The relation with our model can be seen immediately by comparing this recurrence relation with the differential equation of the transient means in Proposition 4.1. Indeed, just as in Friedkin and Johnsen (1990), the opinion of an agent is construed as a linear combination of its own and the others’ opinions before the time of redistribution. An important additional advantage of our approach is the option to explicitly characterize all (reduced) moments of the opinion vector through systems of differential equations, by repeated differentiation of the relation featuring in Proposition 3.1. To our best knowledge, this is a novel analytical tool that was not provided in other stochastic generalizations of the Friedkin-Johnsen model Friedkin and Johnsen (1990).

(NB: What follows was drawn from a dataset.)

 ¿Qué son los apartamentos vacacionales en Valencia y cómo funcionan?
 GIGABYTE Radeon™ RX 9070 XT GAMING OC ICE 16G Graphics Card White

7.1 Opinion Dynamics with Markovian Background Process

In this example we consider opinion dynamics in a two-group population (groups A and B) where individuals of one group – say group A – have an opinion update mechanism that alternates between a “normal mode” and an “adapted mode”. This framework may be interpreted as a stylized model for groups of individuals occasionally visiting larger events as conferences, demonstrations, or political gatherings. Formally we describe the model as follows.

• The background process X(t) has two states, i.e., one corresponding to the normal mode (corresponding to state 1) and one to the adapted mode (corresponding to state 2).

• We consider the situation that individuals do not automatically increase the value of their opinions when the background process is in the normal mode. Since group B agents are not affected by the background process, we thus have \(\lambda _\textrm{A,1}=\lambda _\textrm{B,1}=\lambda _\textrm{B,2}=0\). Additionally, we let group A agents automatically strengthen their opinion with rate \(\lambda _\textrm{A,2} \geqslant 0\) in the adapted mode, i.e., they only strengthen their opinion as a result of external influence by attending conference, political meetings, etc.

• We let the Poisson rate of opinion redistribution \(\gamma > 0\) be unaffected by the background process. Since group A separates itself from group B when the background process is in the adapted state, we assume that group A and B individuals do not affect each other’s opinion in that state. In addition, in this example we allow group A agents to be “overenthusiastic” in the adapted state, resulting in distributing more opinion units than they originally have.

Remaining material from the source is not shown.